Pouco menos da metade dos democratas apoiam a eliminação progressiva dos combustíveis fósseis, de acordo com o Pew Research Center. Apenas 12% dos republicanos concordam com essa mesma ideia. Talvez seja por isso que Joe Biden enfatiza tanto o lado econômico positivo de suas políticas ambientalistas.

Em julho, Biden foi à Carolina do Sul e provocou os republicanos. Eles votaram contra as políticas de combate às alterações climáticas e os projetos de infraestrutura, mas estão colhendo seus benefícios. O presidente visitou a Flex, fábrica de carregadores rápidos para carros elétricos que está instalada em um distrito representado pelo republicano Joe Wilson, que havia declarado que a Lei de Redução da Inflação fora "aprovada em detrimento das famílias americanas". Biden disse sobre a lei: "Não recebemos muita ajuda do 'outro time', mas isso não nos impediu de fazer o que fizemos".

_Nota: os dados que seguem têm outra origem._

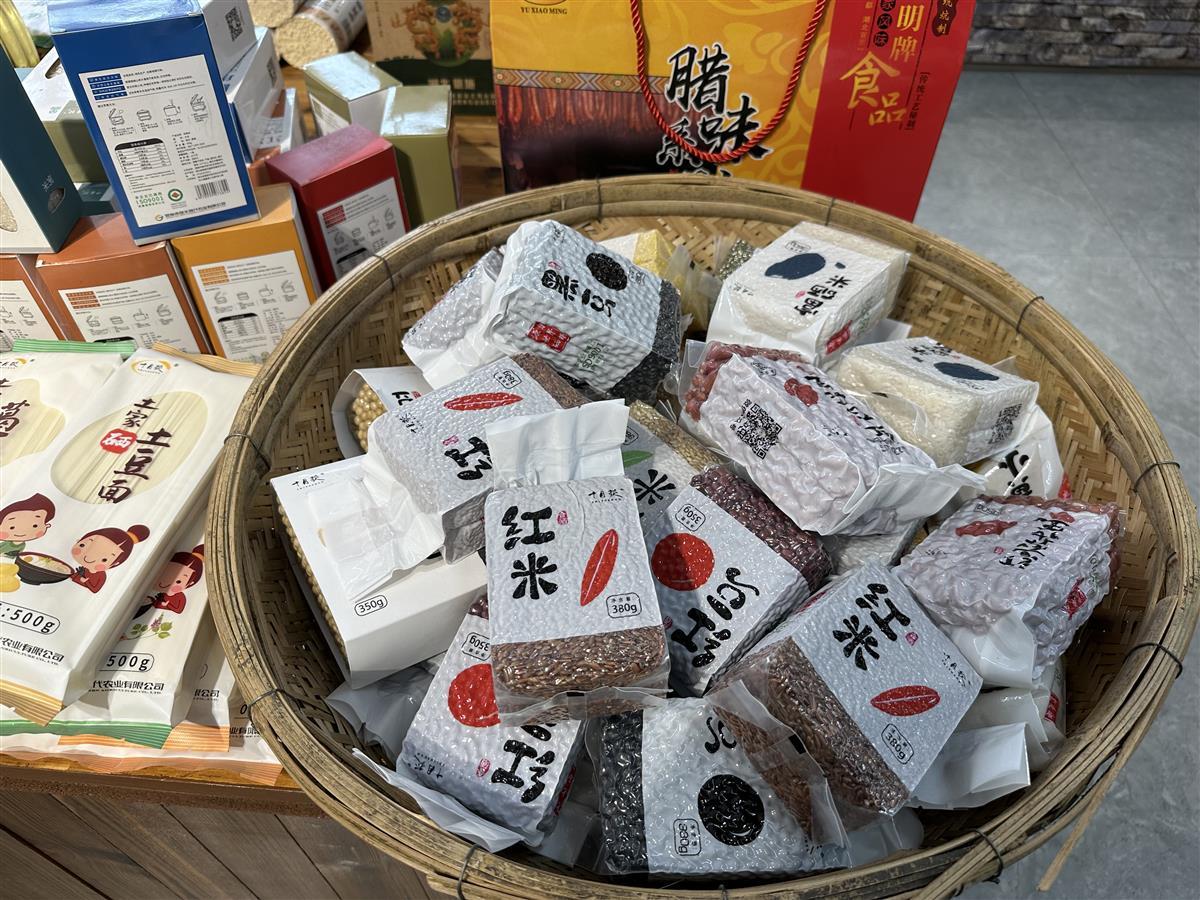 恩施富硒大米产地（湖北恩施大米含硒高吗）-硒宝网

O governador Roy Cooper, da Carolina do Norte, um democrata, declarou em uma entrevista que os republicanos estavam tentando bloquear ou reverter os esforços feitos até aqui para promover a eficiência energética, a produção de caminhões e ônibus elétricos e o desenvolvimento da energia eólica no mar. "Mas, apesar deles, a economia prevalecerá. Mesmo que alguns neguem a ciência e as alterações climáticas, não podem negar que empregos bem remunerados surgirão."

Não é uma 'Missão Impossível'

No Wyoming, onde o carvão, o petróleo, o gás natural e as picapes turbinadas são sobejamente apreciados, Patrick Lawson, de 42 anos, trava uma batalha solitária. Membro da tribo indígena Arapaho do Norte, ele tenta fazer com que as empresas locais instalem estações de recarga para veículos elétricos. Possui um Tesla Modelo Y e um Ford F-150 Lightning. À noite, trabalha como motorista de Uber, menos para ganhar dinheiro e mais para despertar interesse pelos veículos elétricos. Uma vez por ano, Lawson participa do Rocky Mountain Rebels Car Show, em Riverton, no Wyoming, que fica ao lado de sua reserva. "Quero mudar a percepção de que os carros elétricos não são tão bons quanto os carros grandes e barulhentos", disse ele.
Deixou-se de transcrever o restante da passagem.